No shortcuts allowed. This should be the sign posted all over our Indian roads, offices, cafés, agencies and homes too. (I’m joking! Or am I?)
For two weeks now, I was at an online academy for women bible teachers and while it was such a great time of learning it was also a very intense time. Intense because each of us were being stretched intellectually. We had a seven-step process of learning and while I did the pre-academy work of reading the textbook and going in prepared, I realised only when we began step 1, just how unprepared I was. Unprepared because I had assumed that the steps were a guideline, not a mandatory requirement. Oh, boy was I in for a surprise. Steps 1-4 took the wind out of my sails in the sweetest and most unassuming way. I even asked one of my facilitators in a break room if I could concentrate on step 3 more than step 1. She politely re-emphasised that step 1 was the most important part of the process!
Gosh.. here I was thinking I could ace my way through an academy when my lack of interest in slow progression was starting to be a big hurdle. Not only that, I was literally gritting my teeth to get through the first few steps so that I could get through to the creative side of the process faster.
Here’s the interesting fact that I learnt this week - to be creative needs groundwork. To be excellent needs us to do the hard yards. Everyone one of us needs to work our way up, step by step, sometimes very slow steps at that.

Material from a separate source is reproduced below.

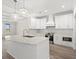 Modern kitchen features an island with a sink, stainless steel appliances, white cabinetry, and hardwood floors at 4022 Macks Rd, Aynor, SC 29511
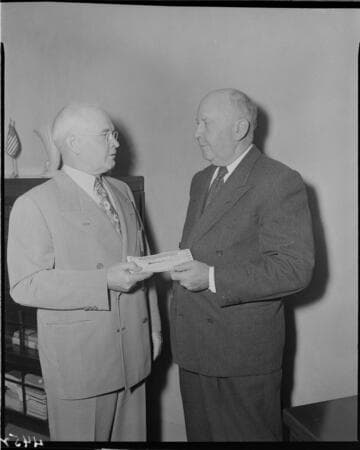 Man handing check to another man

I realised that I'm quick to jump to step 5 in anything in life. I have wanted to see a quicker return on investments I made in people's lives, quicker results to things I was working towards professionally. What I neglected to see was the reward in the stumbling first steps, the sweet promise of returns in the initial stages and the simple efforts that birth the larger vision. Every step was important, no matter how small and insignificant they were.
I had to, not just endure the first steps, but needed to cherish every step as they provided me with the much-needed prowess for the following step. At the end of the two weeks, I grew to appreciate every step, especially steps 1 and 2 because they made so much sense when I reached steps 5 and 6. I had more clarity, order and understanding than when I began because of the initial slogging that was done.
There are no shortcuts to our lives. Not to our marriages. Not to our relationships. Not even to our callings. We have to work through each step like it's the most important step, giving it all we have, allowing ourselves to learn everything that the step teaches us before we move on.
What have you been trying to shortcut?
What have you already cut the line on and are regretting?
How ready are you to take one step at a time?
Step by step is the best way to move forward! Can we maybe, respect the process?